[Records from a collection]

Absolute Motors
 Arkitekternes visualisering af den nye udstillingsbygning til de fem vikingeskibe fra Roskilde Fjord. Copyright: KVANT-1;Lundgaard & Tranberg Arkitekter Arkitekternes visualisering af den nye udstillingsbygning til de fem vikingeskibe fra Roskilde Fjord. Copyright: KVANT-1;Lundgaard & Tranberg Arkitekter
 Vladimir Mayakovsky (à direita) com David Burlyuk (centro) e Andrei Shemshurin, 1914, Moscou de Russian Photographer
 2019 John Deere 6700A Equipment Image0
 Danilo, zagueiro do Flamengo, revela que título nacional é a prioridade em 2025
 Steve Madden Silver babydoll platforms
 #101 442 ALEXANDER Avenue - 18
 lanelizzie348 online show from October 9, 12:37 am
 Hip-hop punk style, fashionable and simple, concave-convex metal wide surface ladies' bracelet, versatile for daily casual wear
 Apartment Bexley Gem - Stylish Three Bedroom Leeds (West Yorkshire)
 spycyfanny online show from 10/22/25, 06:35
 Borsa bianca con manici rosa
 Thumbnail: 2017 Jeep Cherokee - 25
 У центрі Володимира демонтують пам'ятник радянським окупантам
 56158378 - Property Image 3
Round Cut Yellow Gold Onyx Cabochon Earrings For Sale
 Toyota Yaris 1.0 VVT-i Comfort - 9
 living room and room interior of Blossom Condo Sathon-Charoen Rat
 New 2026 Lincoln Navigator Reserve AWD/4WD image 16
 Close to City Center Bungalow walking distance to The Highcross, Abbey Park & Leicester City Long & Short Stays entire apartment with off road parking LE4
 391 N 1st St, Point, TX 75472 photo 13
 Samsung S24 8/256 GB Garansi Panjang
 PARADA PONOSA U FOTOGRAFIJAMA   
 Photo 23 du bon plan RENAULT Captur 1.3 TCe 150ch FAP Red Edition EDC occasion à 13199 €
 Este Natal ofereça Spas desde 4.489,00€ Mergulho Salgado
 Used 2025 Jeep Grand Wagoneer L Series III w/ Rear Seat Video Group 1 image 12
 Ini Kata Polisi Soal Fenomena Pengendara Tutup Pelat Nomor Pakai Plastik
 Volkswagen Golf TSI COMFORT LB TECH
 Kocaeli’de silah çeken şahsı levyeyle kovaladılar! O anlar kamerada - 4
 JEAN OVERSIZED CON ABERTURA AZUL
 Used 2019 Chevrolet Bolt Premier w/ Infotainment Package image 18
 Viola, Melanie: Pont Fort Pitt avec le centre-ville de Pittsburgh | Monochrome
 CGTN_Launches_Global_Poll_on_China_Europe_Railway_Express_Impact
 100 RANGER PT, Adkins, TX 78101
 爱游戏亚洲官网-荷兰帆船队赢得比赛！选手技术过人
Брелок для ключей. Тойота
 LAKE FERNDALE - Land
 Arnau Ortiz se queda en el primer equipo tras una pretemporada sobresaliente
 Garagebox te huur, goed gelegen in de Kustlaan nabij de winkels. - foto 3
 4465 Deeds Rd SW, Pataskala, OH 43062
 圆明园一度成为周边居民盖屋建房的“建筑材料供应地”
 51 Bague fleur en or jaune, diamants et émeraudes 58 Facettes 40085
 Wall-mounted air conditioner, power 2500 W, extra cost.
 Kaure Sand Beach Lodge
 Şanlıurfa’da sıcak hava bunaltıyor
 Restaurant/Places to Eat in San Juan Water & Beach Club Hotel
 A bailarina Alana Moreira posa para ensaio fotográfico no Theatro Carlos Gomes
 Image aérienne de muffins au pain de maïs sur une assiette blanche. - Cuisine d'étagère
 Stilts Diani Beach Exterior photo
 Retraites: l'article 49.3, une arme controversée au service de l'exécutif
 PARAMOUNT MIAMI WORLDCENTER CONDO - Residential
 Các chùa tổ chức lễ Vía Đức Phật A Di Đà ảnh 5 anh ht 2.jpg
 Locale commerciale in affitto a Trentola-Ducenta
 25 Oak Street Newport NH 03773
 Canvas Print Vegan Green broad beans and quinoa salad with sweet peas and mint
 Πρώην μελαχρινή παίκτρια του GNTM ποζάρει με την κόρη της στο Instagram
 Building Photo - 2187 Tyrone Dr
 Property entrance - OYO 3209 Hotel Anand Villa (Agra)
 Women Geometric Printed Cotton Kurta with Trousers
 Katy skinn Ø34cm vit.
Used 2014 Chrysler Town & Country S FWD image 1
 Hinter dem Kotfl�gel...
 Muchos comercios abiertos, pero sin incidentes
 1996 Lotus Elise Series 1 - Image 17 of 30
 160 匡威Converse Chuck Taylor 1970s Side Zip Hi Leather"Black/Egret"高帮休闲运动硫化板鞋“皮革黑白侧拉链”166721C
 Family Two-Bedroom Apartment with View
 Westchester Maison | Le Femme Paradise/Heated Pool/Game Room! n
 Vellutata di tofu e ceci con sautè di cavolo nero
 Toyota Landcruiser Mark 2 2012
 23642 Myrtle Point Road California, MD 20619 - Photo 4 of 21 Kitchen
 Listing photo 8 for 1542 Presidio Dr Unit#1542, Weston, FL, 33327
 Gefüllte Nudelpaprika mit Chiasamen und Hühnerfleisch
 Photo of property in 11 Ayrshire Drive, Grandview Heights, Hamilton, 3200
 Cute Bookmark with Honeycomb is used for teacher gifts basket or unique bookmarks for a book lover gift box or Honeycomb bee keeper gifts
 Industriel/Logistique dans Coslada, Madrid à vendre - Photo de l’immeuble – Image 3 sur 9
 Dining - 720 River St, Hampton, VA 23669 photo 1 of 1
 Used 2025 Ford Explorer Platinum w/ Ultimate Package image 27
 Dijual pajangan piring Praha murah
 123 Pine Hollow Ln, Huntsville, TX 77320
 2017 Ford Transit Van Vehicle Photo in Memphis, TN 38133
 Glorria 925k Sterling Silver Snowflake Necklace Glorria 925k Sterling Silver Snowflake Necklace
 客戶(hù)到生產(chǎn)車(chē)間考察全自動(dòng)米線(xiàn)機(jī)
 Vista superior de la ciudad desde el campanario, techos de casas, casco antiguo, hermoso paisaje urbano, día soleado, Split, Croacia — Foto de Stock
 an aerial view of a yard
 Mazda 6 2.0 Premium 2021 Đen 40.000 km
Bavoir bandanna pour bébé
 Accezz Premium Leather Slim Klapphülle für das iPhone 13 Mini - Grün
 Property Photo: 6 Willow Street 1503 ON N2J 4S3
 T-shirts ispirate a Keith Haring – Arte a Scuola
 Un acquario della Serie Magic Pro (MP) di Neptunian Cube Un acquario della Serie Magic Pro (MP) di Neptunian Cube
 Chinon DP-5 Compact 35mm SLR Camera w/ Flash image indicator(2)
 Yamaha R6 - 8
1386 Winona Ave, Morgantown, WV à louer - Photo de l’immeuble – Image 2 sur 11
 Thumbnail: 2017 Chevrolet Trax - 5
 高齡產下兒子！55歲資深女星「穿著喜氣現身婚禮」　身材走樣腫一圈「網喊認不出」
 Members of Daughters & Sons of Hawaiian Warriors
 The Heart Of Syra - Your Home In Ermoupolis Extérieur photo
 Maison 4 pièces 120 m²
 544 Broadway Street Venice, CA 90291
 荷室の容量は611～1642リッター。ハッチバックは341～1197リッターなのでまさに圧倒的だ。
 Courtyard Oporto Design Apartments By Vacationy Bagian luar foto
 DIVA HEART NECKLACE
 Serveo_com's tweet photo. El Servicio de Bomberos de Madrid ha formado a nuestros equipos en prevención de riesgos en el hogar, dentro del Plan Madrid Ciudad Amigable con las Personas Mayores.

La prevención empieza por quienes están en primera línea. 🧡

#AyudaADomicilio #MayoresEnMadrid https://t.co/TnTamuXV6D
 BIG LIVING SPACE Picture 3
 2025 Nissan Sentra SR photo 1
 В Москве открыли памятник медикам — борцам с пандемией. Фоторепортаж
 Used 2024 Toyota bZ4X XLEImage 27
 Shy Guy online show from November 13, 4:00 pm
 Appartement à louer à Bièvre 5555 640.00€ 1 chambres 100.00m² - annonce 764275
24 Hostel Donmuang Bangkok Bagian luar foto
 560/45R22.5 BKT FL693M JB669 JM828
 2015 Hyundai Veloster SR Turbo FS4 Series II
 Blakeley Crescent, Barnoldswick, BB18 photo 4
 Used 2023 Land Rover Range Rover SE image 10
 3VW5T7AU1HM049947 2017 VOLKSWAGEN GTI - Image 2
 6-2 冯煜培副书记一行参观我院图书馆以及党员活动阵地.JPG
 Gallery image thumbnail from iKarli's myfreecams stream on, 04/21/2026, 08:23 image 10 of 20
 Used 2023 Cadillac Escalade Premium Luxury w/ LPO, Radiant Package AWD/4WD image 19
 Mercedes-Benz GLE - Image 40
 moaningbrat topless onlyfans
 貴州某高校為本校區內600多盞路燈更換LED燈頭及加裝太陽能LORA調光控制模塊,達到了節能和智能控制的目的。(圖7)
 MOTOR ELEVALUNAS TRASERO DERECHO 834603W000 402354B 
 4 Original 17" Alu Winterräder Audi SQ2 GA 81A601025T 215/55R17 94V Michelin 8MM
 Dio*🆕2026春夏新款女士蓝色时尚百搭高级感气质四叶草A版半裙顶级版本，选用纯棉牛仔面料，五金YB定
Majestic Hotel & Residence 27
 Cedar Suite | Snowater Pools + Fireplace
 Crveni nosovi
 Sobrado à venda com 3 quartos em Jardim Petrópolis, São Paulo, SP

▶ WHAT YOU WILL DO
In the entries above, restate word for word the lines between the one holding "23642 Myrtle Point" and the one holding "Gefüllte Nudelpaprika mit", inclusive, and nothing besides.

▶ ANSWER BOX
 23642 Myrtle Point Road California, MD 20619 - Photo 4 of 21 Kitchen
 Listing photo 8 for 1542 Presidio Dr Unit#1542, Weston, FL, 33327
 Gefüllte Nudelpaprika mit Chiasamen und Hühnerfleisch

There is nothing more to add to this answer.